(written before the 2008 elections)
highwayscribery wanted to spend this day on a book report of Illinois Democratic Senator Barack Obama’s autobiography, 'Dreams from My Father: A Story of Race and Inheritance"
The book was a Christmas gift from the scribe’s sister Rosemary and was received with the usual mild surprise that accompanies the reception of a book you don’t really want to read.
highwayscribery enjoyed Obama’s colorful and deftly delivered speech at the 2004 Democratic National Convention (included in the book put out by Three Rivers Press). But in ensuing months it seemed the newly elected senator’s name popped up too often in association with positions a little beyond his experience, like vice president or president.
There’s a Democratic Party discussion in there somewhere: Is the glass half full because Obama’s rise among what former Sen. Sam Nunn (D-Georgia) used to call “the great mentioners” reflects his amazing talent? Or is it half empty because a guy starts jumping ranks thanks to his world beat name and a decent speech two years ago?
The highwayscribery creed encourages the acceptance of given books as a kind of natural instruction from the world itself, from forces beyond our own (book) consuming impulses.
And the book is quite good as it goes about detailing Obama’s unique, yet quintessentially American pedigree and journey. A kind of Tiger Woods to the progressive political world, Obama is African-American, without the tragedy of slavery separating him from old country forebears.
He knows his lineage, his father, his grandfather. He returns to his native Kenya where a grandmother explains how, “First there was Miwiri. It’s not known who came before. Miwiru sired Sigoma, Sigoma sired Owiny, Owiny sired Kisodhi, Kisodhi sired Ogelo, Ogelo sired Otondi, Otonidi sired Obongo, Obongo sired Okoth, and Okoth sired Opiyo. The women who bore them, their names are forgotten, for that was the way of our people.”
His father, a scholarship student from Kenya to the University of Hawaii, met his mother in that distant American outpost. She came from Kansas stock, her father a soldier of fortune and westward drifter on the trail of the big break.
His place in time as a man educated in the west at the height of the African liberation from its European colonizers forces the senior Barack Obama home, abandoning the young boy in Hawaii for good.
That is the DNA, much explained and dissected for it is the point of the book, and somewhat the point of the politician – race and its subtleties.
The greatest surprise was the book’s prose. Obama was, at one time, editor of the “Harvard Law Review.” highwayscribery has never had occasion to read that particular publication, but must admit to a sense that brand name conjures up ponderous articles short on good and engaging narrative content.
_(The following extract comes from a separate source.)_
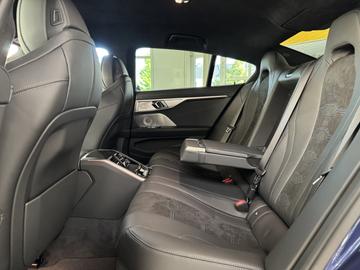 2026 Alpina B8 — миниатюра 12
But it may be a place where good writing is encouraged because he possesses a comfortable mastery of the written word. We’re not talking the heights of prosodic beauty, but a facile ability to render crucial insights his unique path and intelligence have provided, into the written word. One thing is to have led an interesting life, it is another to successfully convey why.
The highpoint of the book may be the following passage. The set up is that Obama Sr. has come to meet his son, who is ten years old, and it really doesn’t go too well. As the father is leaving, he decides to play a recording of music from the families tribe, the Luo:
“‘Come Barry,’ my father said, ‘You will learn from the master.’ And suddenly his slender body was swaying back and forth, the lush sound was rising, his arms were swinging as they cast an invisible net, his feet wove over the floor in off-beats, his bad leg stiff but his rump high, his head back, his hips moving in a tight circle. The rhythm quickened, the horns sounded, and his eyes closed to follow his pleasure, and then one eye opened to peek down at me and his solemn face spread into a silly grin, and my mother smiled, and my grandparents walked in to see what all the commotion was about. I took my first tentative steps with my eyes closed, down, up, my arms swinging, the voices lifting. And I hear him still: As I follow my father into the sound, he lets out a quick shout, bright and high, a shout that leaves much behind and reaches out for more, a shout that cries for laughter.”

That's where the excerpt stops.